Carlos Ortiz-Ramírez, estudante de doutoramento no IGC, é o primeiro autor do artigo publicado agora na revista Nature que esclarece o que se passa no mundo reprodutivo das plantas primitivas. Os investigadores perceberam que quando desligavam os dois genes o musgo deixava de ter descendência. Confirmaram também que o mecanismo usado pelas proteínas no musgo é semelhante ao que os neurónios usam para comunicar no sistema nervoso dos animais: ou seja, formando canais de iões por onde passa um fluxo de cálcio.

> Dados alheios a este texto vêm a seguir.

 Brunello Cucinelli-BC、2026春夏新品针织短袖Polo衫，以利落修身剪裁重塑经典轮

Confirmando que o lado “feminino” estava a funcionar bem, o problema deste musgo mutado e estéril foi detectado no esperma. “Enquanto o esperma normal se torce, vira e faz voltas apertadas para encontrar a entrada para os órgãos femininos, o esperma com mutações nos genes GLRs consegue nadar normalmente mas não muda de direcção”, refere o comunicado. José Feijó acrescenta: “O esperma não estava a fazer o seu trabalho, perdia-se e não conseguia ‘cheirar’ o que quer que seja que a parte feminina emite para o atrair.”
Mais: mesmo quando o desorientado esperma de musgo com mutações conseguia fertilizar os óvulos havia problemas no desenvolvimento dos esporos que, na maioria, acabavam por morrer. Porquê? Os investigadores perceberam que com estes dois genes desligados surge mais um problema técnico no ciclo reprodutivo afectando a produção de uma outra proteína (BELL1) que é essencial ao desenvolvimento dos “bebés” do musgo.

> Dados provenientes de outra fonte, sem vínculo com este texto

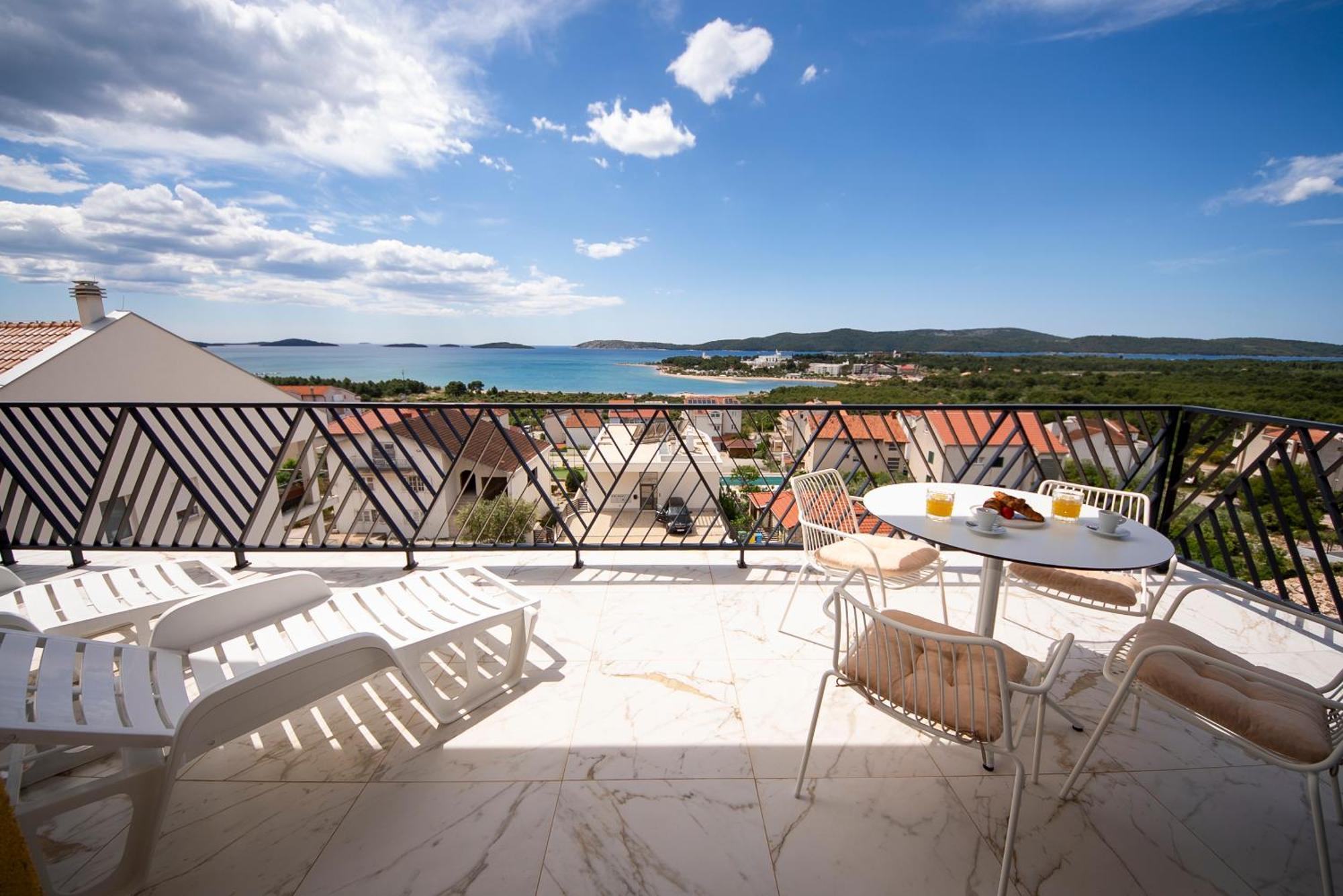 Mediterana Art Deco Resort (Adults Only) Sibenik Bagian luar foto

“Apesar de formarem canais de iões no musgo tal como em mamíferos, os receptores do glutamato desempenham duas funções completamente novas e distintas no musgo, tanto em termos de navegação do esperma como no controlo da expressão de genes, algo que é crucial para o desenvolvimento dos esporos. Descobrir isto foi muito surpreendente”, refere José Feijó no comunicado no IGC.
E será que este conhecimento poderá ser útil para estudar a infertilidade nos humanos? José Feijó sublinha que a sua equipa foi a primeira que estudou a expressão génica [activação de genes] do esperma “de qualquer espécie” e a primeira a encontrar ali a expressão de genes que se julgava estarem “sossegados”. “Fizemos dois estudos que acabaram por não ser publicados, um na mosca drosófila e outro em humanos. E quando percebemos que o esperma do musgo estava inactivo, fomos ver nesses resultados anteriores se no esperma humano havia receptores do glutamato. E há, vários. Portanto, eles estão lá, mas se fazem alguma coisa não sabemos”, diz José Feijó. Aparentemente, também não vão tentar saber. “É muito complicado investigar nessa área, até por questões éticas, e, por isso, não vamos tentar saber isso agora. Mas fica o ponto de interrogação”, diz o investigador.

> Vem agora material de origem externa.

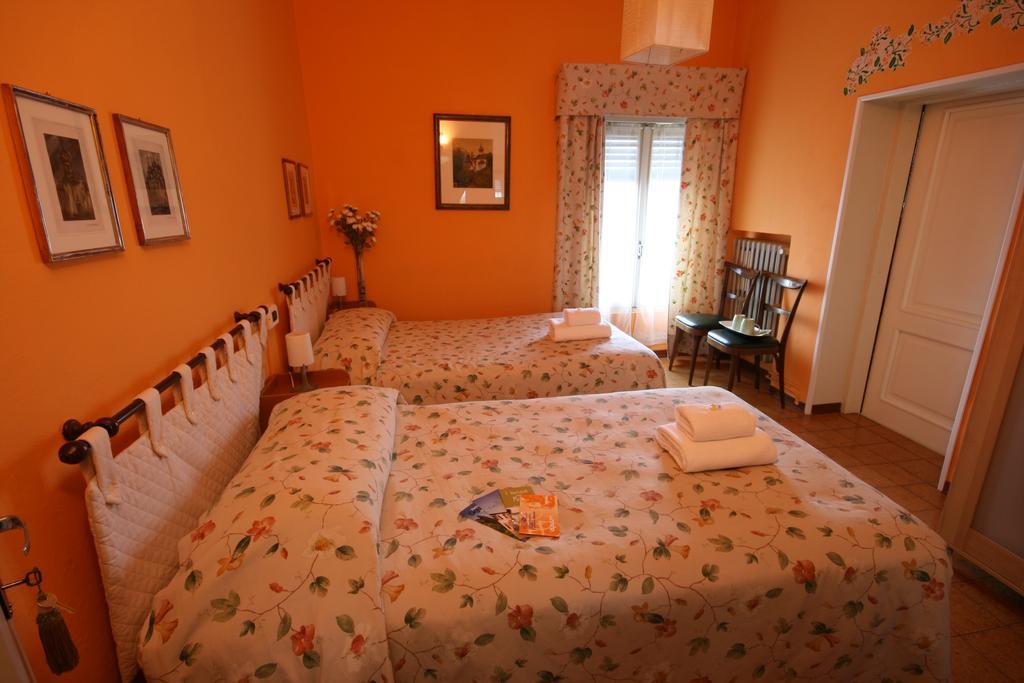 Corte Posta B&B - Parcheggio E Bagno In Camera Mantua Habitación foto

Sem arriscar esse salto na evolução, do musgo até ao esperma humano, qual será então um dos próximos passos deste trabalho? “Vamos andar para trás na evolução, porque há algas unicelulares que também têm receptores do glutamato e perceber se numa alga verde também surgem problemas de fertilização quando se mutam estes genes. Isso seria uma confirmação quase imediata que os receptores do glutamato foram conservados durante a evolução e associados à navegação do esperma.”